Material innovation used in Mexican penthouse
In the heart of Mexico City lies the Condesa district created around what was once a racetrack and today a unique and vibrant neighbourhood of the city. The Ozuluama Residence is located at an intersection of Condesa’s tree-lined streets and consists of a penthouse with two terraces and a lookout on top of an existing 3-storey building.
The new roof top appears like a nomadic structure floating above the diverse urban topography of Mexico City. The owners inhabit the penthouse six months of the year and the rest of the time it is used by friends, visitors and artists that stay in the city.

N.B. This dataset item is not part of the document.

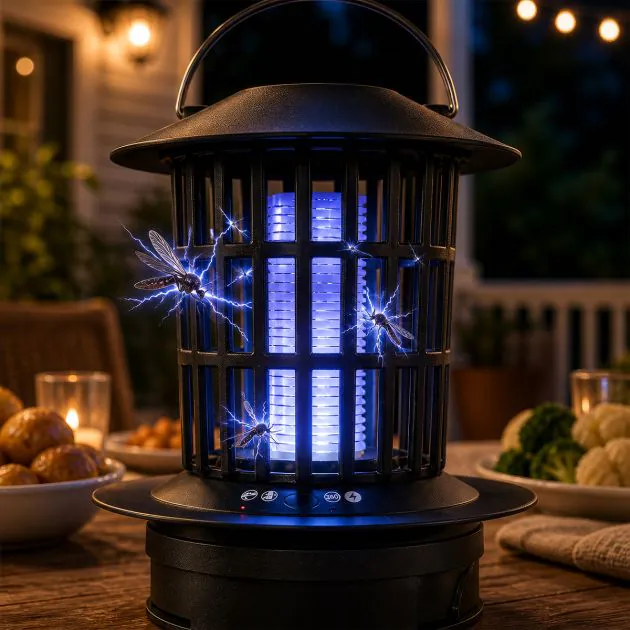 Double Zapper Fly Zapper | JML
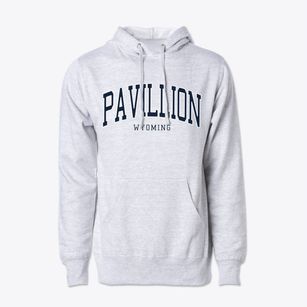 Pavillion Wyoming Traditional Cotton Hoodie Sweatshirt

The structure was designed to reflect the movements of its transient inhabitants in an origami-like morphology. The folding dynamic form creates a seemingly temporary habitat with continuous inside and outside spaces on two levels and generous views of the city. The building’s skeleton is made of steel and is completely enveloped in pearl-grey acrylic-polymer Corian panels, the first time this material was used as an entire building envelope.
Overhangs and the thoughtful orientation of interior spaces and openings moderate the climate of the penthouse, which can also be adjusted by providing cross ventilation through operable windows in the glass façade and at the highest point of the roof construction.
The floors covering the entire penthouse- from the moment you enter, to the moment you step into the bathtub- are of Santo Tomas marble, a local stone usually employed as flooring in the city’s subway stations, churches and other public spaces. Thus the echoes of the outside are folded in quietly into a private space, further re-enforcing the notion of a transient, temporal habitat.